Island life is great. I'm at the Coffee Plantation in Key West, Florida, relaxing in 80-degree island breezes, enjoying a day off after my three-day workshop at The Studios at Key West. Our workshop group was wonderful--energetic, intelligent, insightful about their very varied book projects. We had writers of all skill levels, professional to beginner, and a variety of books--novels, memoirs, art books, how-to books, and true crime.
Our writing exercises and discussion revolved around book structuring, trying to figure out the outer and inner stories, and surviving through the long committment of bringing a book into the world.
After we covered the basics of book-structuring, I asked them to try a pair of activities to engage both the right and left creative brain: toggle between creating a book storyboard and creating a book collage.
They dove in. Many began with the collage, a relaxing and free-form, right-brain activity. Some went for the more linear storyboard first. After an hour, we all switched to the other task.
I loved walking around the beautiful studio space, visiting the writers as they worked at their tables. By Saturday afternoon, storyboards were forming but the collages were really coming together. Each was as colorful and unique as its creator. I'd cut out hundreds of magazine photos before the workshop, spread them on a large counter, and encouraged the writers to browse the images, letting their intution guide them. I was watching to see how they arranged their images on the large posterboards--what order they would choose.
Before we ended the session that afternoon, we studied the group's collages. I taught them the squint test: hold the collage away from you, squint, see if any images create obvious pathways. Having taught this exercise for years in workshops, I knew that often a clear path emerges on a very randomly created collage. Pathways can start at the bottom right or left, lead to the opposite corner. Sometimes the path is circular. Often there's a strong angle or series of connecting colors. Sheila Asato (http://www.monkeybridgearts.com/) told me how she uses collage pathways for dreamwork. The collage often reveals good information about the unconscious part of our art. And when quizzed by the workshop group, many writers agreed that the pathways made sense. The beginning and ending images indeed reflected a beginning and ending moment of their books.
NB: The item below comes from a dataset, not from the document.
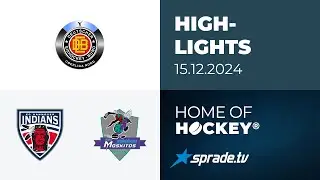 15.12.2024 - Highlights - Hannover Indians vs. ESC Moskitos Essen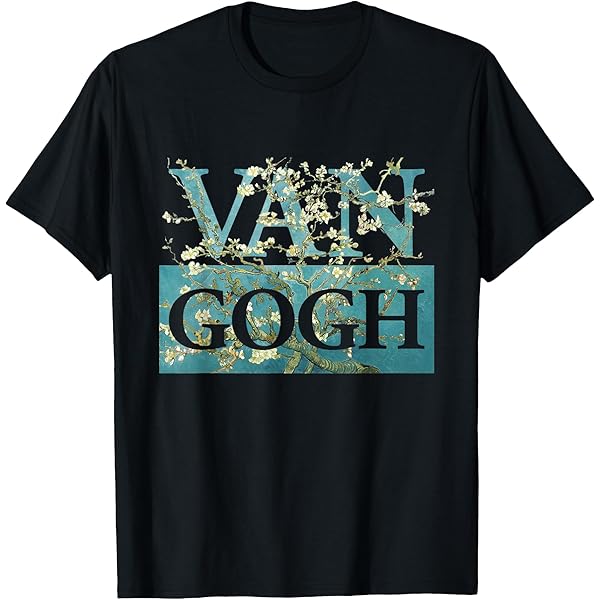 90s \"Vincent van Gogh\" ゴッホ アートTシャツ 11a3c2d8285a94e9c53a680cee4c8d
Do you know how to make a collage? This week's exercise is to try one. Collages are powerful tools to get at clues about where your book should start and end. Even if you know this "secret" about how your right-brain creates pathways in this exercise, play with a collage for your book-in-progress or your writing in general.
You'll need a posterboard, a few magazines, scissors, and a glue stick. Spend 30 minutes leafing through the magazines, cutting out any photos that grab you. Don't analyze why--no need. Just collect. Then spread them out and begin pasting on your posterboard. This takes 30-45 minutes, usually.
Let yourself be nonlinear. Swim like the island sea turtles through clear blue-green water and let random images approach you, like the bright yellow fish in the photo above. Let your intuition create the collage.
When your collage feels complete, take a break. Then come back to it, try the squint test, and see if you notice any pathways. What do the images at the start and end tell you about your book's opening, your book's conclusion?